Il 1970 lo vede coinvolto, accanto a Lorenzo Barbera, nelle diverse lotte che la Valle del Belice porta avanti in quegli anni. Sempre negli anni ’70 gli incontri con Danilo Dolci e il viaggio nell’Esteuropeo.
Del novembre ’74 l’incontro con Leonardo Sciascia e l’invito alla eventuale collaborazione a “Galleria”.
Nel 1983 ha pubblicato la raccolta di poesie Zabut con introduzione a cura di Nat Scammacca e prefazione di Pietro Billeci.
Nel 1985 è stato gradito ospite al Convegno su Felice Mastroianni e alla II Edizione del Premio Internazionale di Poesia allo stesso intitolato.
Al Teatro Grandinetti di Lamezia Terme ha avuto luogo la premiazione dei vincitori il Premio. La Giuria Sezione Italiana era composta da: Mario Sansone (Presidente), Pasquale Tuscano, Walter Mauro, Mario Rappazzo e Alfredo De Grazia; la Sezione Neogreca da: Costantino Nikas (Presidente), Giuseppe Spadaro, Rosa Stamouli, Fivos Delfis e Serafina Mastroianni.
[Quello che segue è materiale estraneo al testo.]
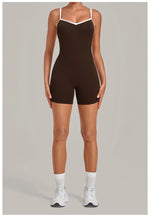 Women's Seamless Yoga Jumpsuits Fitness Sports Gym Hip-lifting Sleeveless One-piece Backless Workout Training Shorts Jumpsuit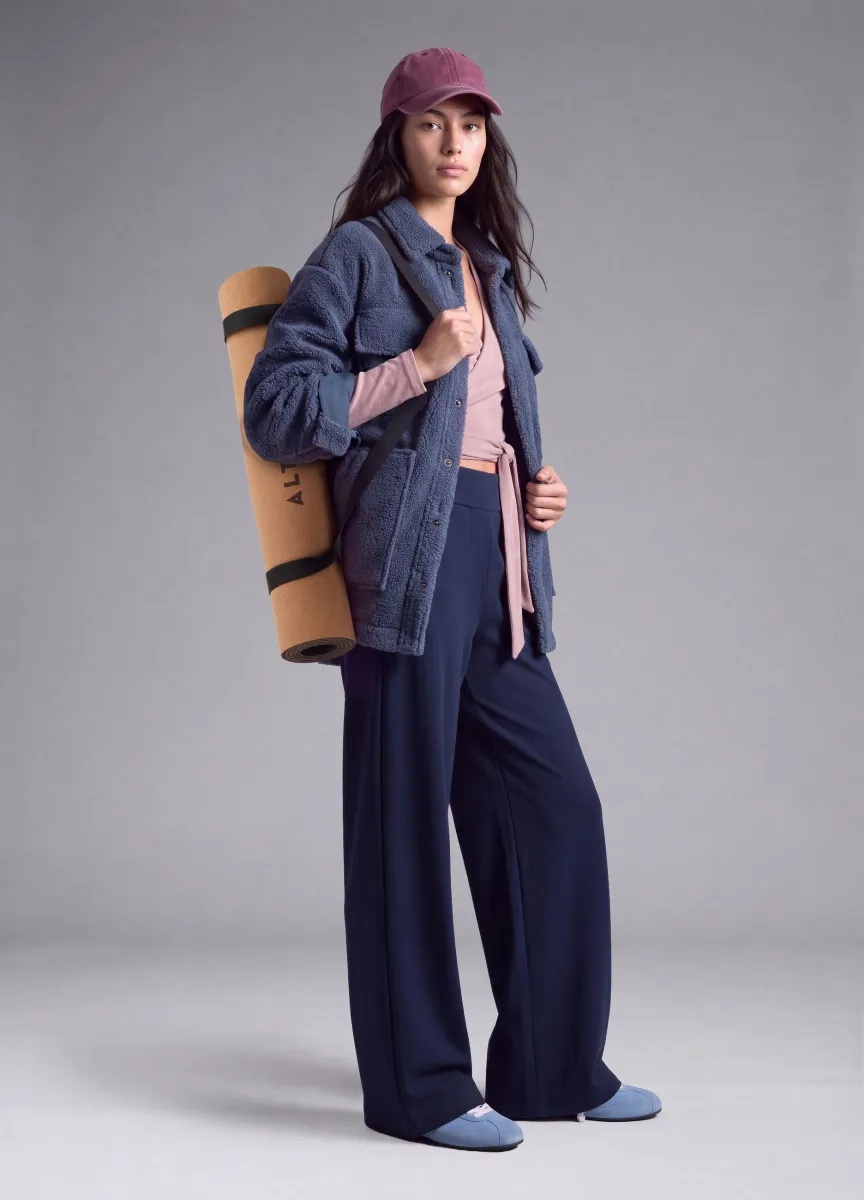 Pantaloni blu in tessuto elasticizzato wide leg ALTAVIA STUDIO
In quella occasione, Angelo Pendola ha ricevuto un solenne encomio da parte delle due giurie. Sue poesie sono inserite in antologie italiane es estere e tradotte da: Papp Arpad in ungherese; G.H- Aufrère in francese; Ignazio Buttitta in siciliano; Alexandru Caprariu in romeno, Oliver Friggieri in maltese; Màkis Apostolàtos, Fivos Delfis, Panos Miserlis, Kostantin Nikas, Kostas Valetas e Falì Zapanti in greco; Nat Scammacca in inglese; Boris Vishinski in macedone.
Nel 1990 ha pubblicato Poesie per i Romeni. La silloge è impreziosita da un saggio introduttivo e dalla presentazione dello scrittore Cesare Sermenghi; dalla postfazione della pretesa-scrittrice Angela Scandaliato; dalle traduzioni a fronte e da molte illustrazioni e disegni; e da notazioni critiche di autorevoli addetti ai lavori, quali: Giorgio Barberi Squarotti dell’Università di Torino; Giuseppe Zagarrìo; Giorgio Santangelo dell’Università di Palermo; Solange Bressieux; Oliver Friggieri dell’Università di Malta; Armida Marasco dell’Università di Lecce; Leonardo Patanè dell’Università di Catania, ed altri. Il ricavato è stato devoluto ai bambini romeni tramite la Caritas Italiana.
Nell’anno sociale 1995/96, il Lions Club Sambuca Belice, in occasione del II Premio Internazionale Navarro, gli ha conferito il Riconoscimento Culturale, nella sezione Poesia, fuori concorso, con l’assegnazione di pergamena e targa.
Il 1997 lo vede finalista alla XV edizione del Premio Firenze con la seguente motivazione: “L’ansia di giustizia sociale e di amore universale che pervade quasi tutti i suoi versi, si irradia in una simbologia psicologica che confluisce in una struggente meditazione”.
Nel 1998 gli è stato assegnato a Roma, nella Sala degli Angeli di Palazzo Barberini, il Premio Internazionale Frontiera per la poesia inedita Sarajevo, e conseguentemente insignito della medaglia città di Palermo dal sindaco Leoluca Orlando.
Sempre nello stesso anno arriva in finale al 3° Concorso Letterario Don Carlo Prandi patrocinato dal Comune di Centallo, dalla Provincia di Cuneo e dalla Regione Piemonte.
Nel 1999 ha dato alle stampe Ahn Hyohk, la storia in versi di un ragazzo che per anni è stato tenuto prigioniero nei campi di “rieducazione” della Corea del Nord. Il ricavato è stato devoluto ai bambini Nordcoreano tramite il CESVI di Bergamo.
Nell’autunno del 1999 viene invitato alle “Serate di Poesia” che si svolgono in Grecia, ad Argostoli e Lixouri, nella stupenda isola di Cefalonia, dove, per loccasione, è stata presentata la breve raccolta in lingua greca Kefalloniàs.
Nel mese di marzo 2000 esce, presso la casa editrice di Catanzaro, la silloge Razzolando, che fa parte di una più ampia raccolta che comprende poesie scritte tra il 1992 e il 1993.


SENTÈNTIA

Dissero gli empi: “Tendiamo insidie al giusto, perché ci è d’imbarazzo ed è contrario alle nostre azioni; ci rimprovera le trasgressioni della legge e ci rinfaccia le mancanze contro l’educazione da noi ricevuta”.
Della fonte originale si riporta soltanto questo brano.